I must admit that that last statement put me back on my heels for a while. "Responsibility." "Make the web a better place." Yikes. That's heavy stuff. I don't know about you but I blog for fun, not with any thought of making the web a better place. And as for responsibility, that's the last thing I want when it comes to blogging.
But then I started thinking that maybe Adam has a point. These days most of my reading about sailing is on blogs. If I want to follow what's going on at major Laser championships I can check out US national team member Andrew Campbell's blog CampbellSailing.com, or if I want to see some tips from race winners in local Laser club racing I can find them at Greenwich Laser Racing. I can stay in touch with the training and racing of a fellow Laser master sailor at Split Tacks, or if I feel nostalgic for news of club racing in the old country I can check out Soulsailor or All Day I Dream About Sailing.
If I feel the need to see some superb sailing photography I can feast my eyes at Sailscape, or if my taste today is for some more off-beat pics with a watery theme I can go to The Horse's Mouth. If I feel like a good argument about some sailing controversy I head over to read one of Peter Huston's rants at Sailing As I Sea It, but then if I need something more soothing I settle down to enjoy the latest writings by Judy and Mark Handley at HandleySail.com about their cruise around the world.
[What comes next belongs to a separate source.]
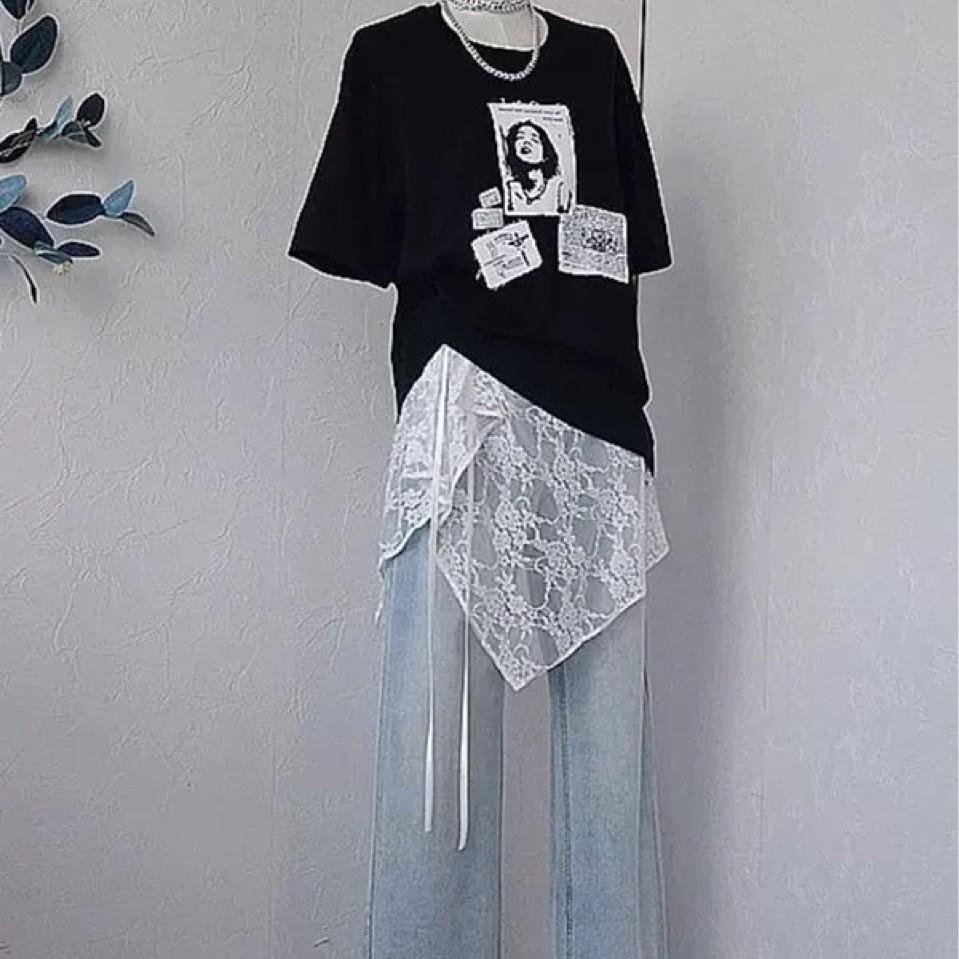 Jupe élégante en gaze de dentelle style coréen 2025 avec attache polyvalente et design irrégulier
The list goes on. I can ogle over marine electronics at Panbo, hear all about the latest news on marine accidents, safety and law at Lawboat, or for something completely different drop in at Grandma's Gone Surfing.
I could go on and on. I think Adam has a point. Some of the most entertaining, informative and provocative writing about sailing on the web these days is to be found in blogs. And the beauty of this medium is that I can tailor what news, stories and opinions I see by continually tuning my feed reader to include those blogs that interest me and to drop those that don't. (I use Bloglines.)
Adam is critical about the website design and quality of grammar and spelling at some of the "professional" sailing websites. To be honest, some bloggers fall a little short in these areas too. But I don't really care. Almost all bloggers are writing from the heart. They are telling us about personal experiences or expressing opinions about which they have a passion. They are not hacks regurgitating some press release written by some other hack in a PR agency for a company promoting some marine product. It's this vivid, personal, direct, honest communication that makes sailing blogs such compelling reading. And by using Bloglines I can compile my own personal sailing magazine full of articles that interest me written by a variety of folk who are passionate about their subjects.
But what do you think about all this? What do you see as the key differences between professional sailing websites and sailing blogs? Which do you prefer to read? And why?